When BPI-FSB refused to cancel the mortgage, petitioners filed separate petitions for mandamus
and prohibition with the Regional Trial Court (RTC) of Manila to compel the bank to return their
certificate of title and cancel the mortgage.
The Manila RTC dismissed petitioners actions for mandamus and prohibition. Their appeal to the
Court of Appeals was likewise dismissed. The CA ruled that on the whole, the contract of
loan/mortgage dated March 24, 1995, appears to include even the new loan agreement
between Transbuilders and BPI, entered into on June 28, 1996.

Issue:
Whether there was a novation of the mortgage loan contract between petitioners and BPI-FSB
that would result in the extinguishment of petitioners liability to the bank.
Held:

There was no novation of the mortgage loan contract.


Article 1292 of the Civil Code on novation further provides:
Article 1292. In order that an obligation may be extinguished by another which substitute the
same, it is imperative that it be so declared in unequivocal terms, or that the old and the new
obligations be on every point incompatible with each other.
The cancellation of the old obligation by the new one is a necessary element of novation which
may be effected either expressly or impliedly. While there is really no hard and fast rule to
determine what might constitute sufficient change resulting in novation, the touchstone, however,
is irreconcilable incompatibility between the old and the new obligations.
In every novation there are four essential requisites:(1) a previous valid obligation; (2) the
agreement of all the parties to the new contract; (3) the extinguishment of the old contract; and
(4) validity of the new one. There must be consent of all the parties to the substitution, resulting in
the extinction of the old obligation and the creation of a valid new one. The acceptance of the
promissory note by the plaintiff is not novation of the contract. The legal doctrine is that an
obligation to pay a sum of money is not novated in a new instrument by changing the term of
payment and adding other obligations not incompatible with the old one. It is not proper to
consider an obligation novated as in the case at bar by the mere granting of extension of payment
which did not even alter its essence.
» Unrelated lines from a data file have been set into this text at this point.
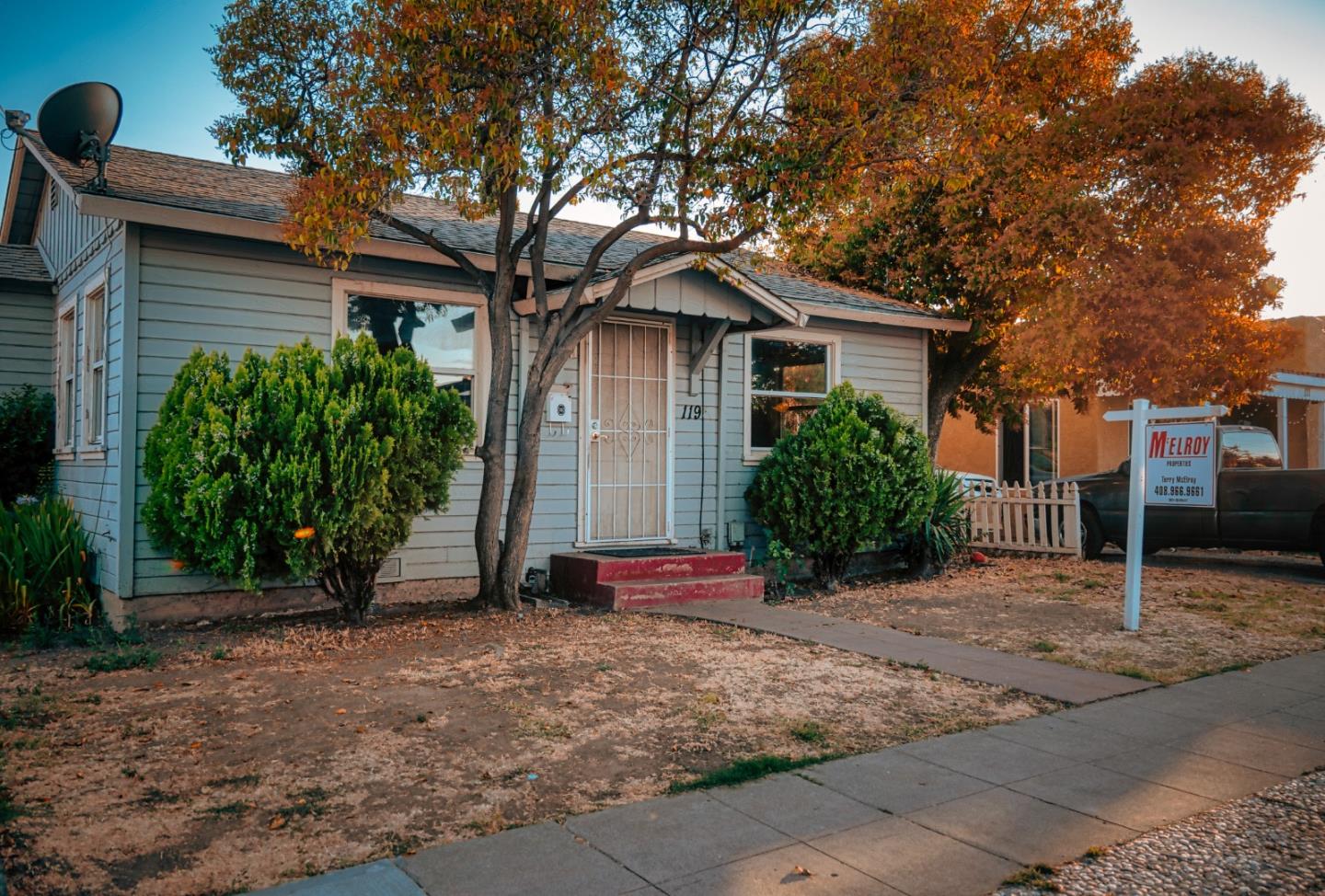 Neighborhood-8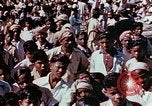 Standbild Kriegsbemalung zum Abdunkeln weißer Haut Südostasien, 1942, aus Sekunde 36 historischem Filmmaterial Videoclip 65675050279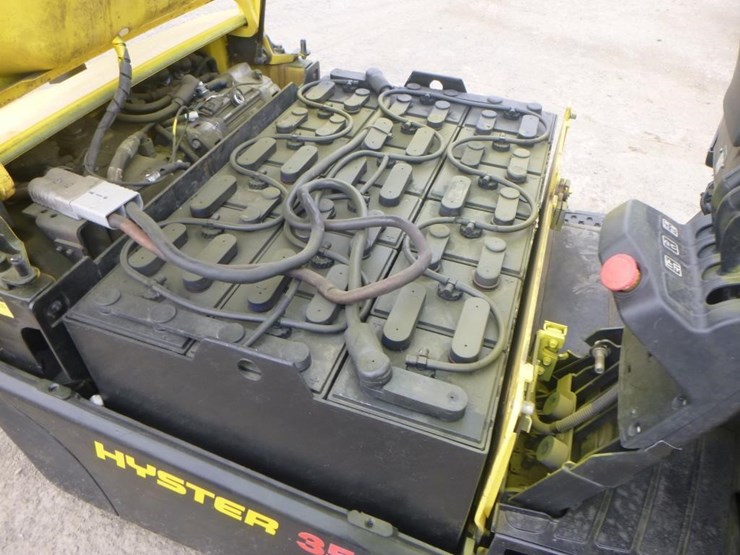 hyster-j35xnt-forklift-image-24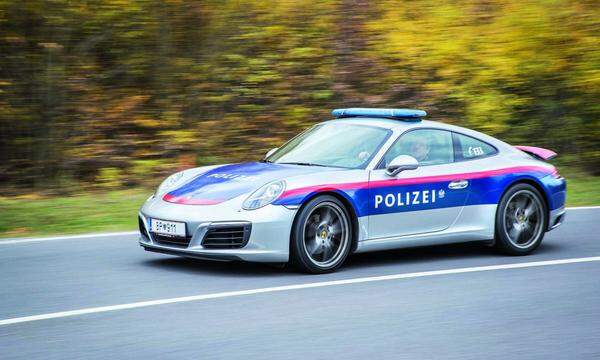 Beamtenkarriere: Einzelne Polizei-Elfer waren früher tatsächlich in Diensten, inzwischen ist BP-911 als Image-Booster der Polizei unterwegs.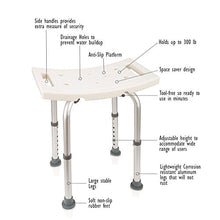 Carica l'immagine nel visualizzatore di Gallery, Dr. Maya, Sedia per vasca da bagno e per doccia regolabile, con maniglione da doccia con ventosa incluso, antiscivolo, dalla seduta ampia e bianca, con gambe in alluminio (sedia da doccia)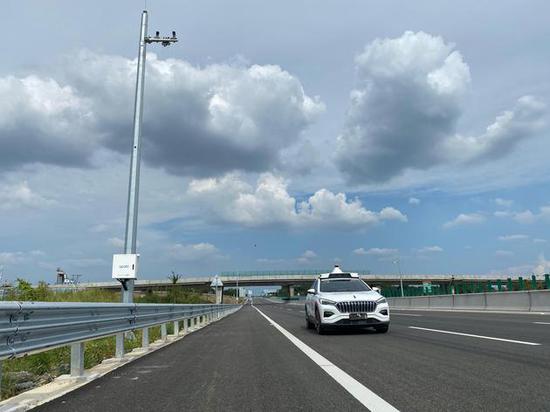 自动驾驶 高速公路_大巴车高速驾驶_模拟公路驾驶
To sustain novation necessitates that the same be declared
in unequivocal terms or that there is complete and substantial incompatibility between the two
obligations. An obligation to pay a sum of money is not novated in a new instrument wherein the
old is ratified by changing only the terms of payment and adding other obligations not
incompatible with the old one or wherein the old contract is merely supplementing the old one.

BPI-FSB and Transbuilders only extended the repayment term of the loan from one year
to twenty quarterly installments at 18% interest per annum. There was absolutely no
intention by the parties to supersede or abrogate the old loan contract secured by the real
estate mortgage executed by petitioners in favor of BPI-FSB. In fact, the intention of the
new agreement was precisely to revive the old obligation after the original period expired
and the loan remained unpaid. The novation of a contract cannot be presumed. In the
absence of an express agreement, novation takes place only when the old and the new
obligations are incompatible on every point.